Dataset records.
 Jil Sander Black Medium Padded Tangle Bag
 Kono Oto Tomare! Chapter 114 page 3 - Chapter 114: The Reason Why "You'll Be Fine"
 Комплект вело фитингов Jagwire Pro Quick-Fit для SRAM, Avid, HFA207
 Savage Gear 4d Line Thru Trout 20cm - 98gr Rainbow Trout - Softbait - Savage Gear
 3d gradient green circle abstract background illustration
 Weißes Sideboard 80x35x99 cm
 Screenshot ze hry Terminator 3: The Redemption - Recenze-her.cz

---

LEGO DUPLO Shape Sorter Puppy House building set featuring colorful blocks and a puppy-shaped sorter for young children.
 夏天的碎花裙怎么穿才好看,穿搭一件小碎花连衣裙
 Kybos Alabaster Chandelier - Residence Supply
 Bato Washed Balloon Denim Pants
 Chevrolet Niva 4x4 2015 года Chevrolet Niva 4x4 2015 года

What to do. Take the lines above from the one containing "Комплект вело фитингов" down to the one containing "Weißes Sideboard 80x35x99 cm", and transcribe them exactly, both ends included.

Result for this task.
 Комплект вело фитингов Jagwire Pro Quick-Fit для SRAM, Avid, HFA207
 Savage Gear 4d Line Thru Trout 20cm - 98gr Rainbow Trout - Softbait - Savage Gear
 3d gradient green circle abstract background illustration
 Weißes Sideboard 80x35x99 cm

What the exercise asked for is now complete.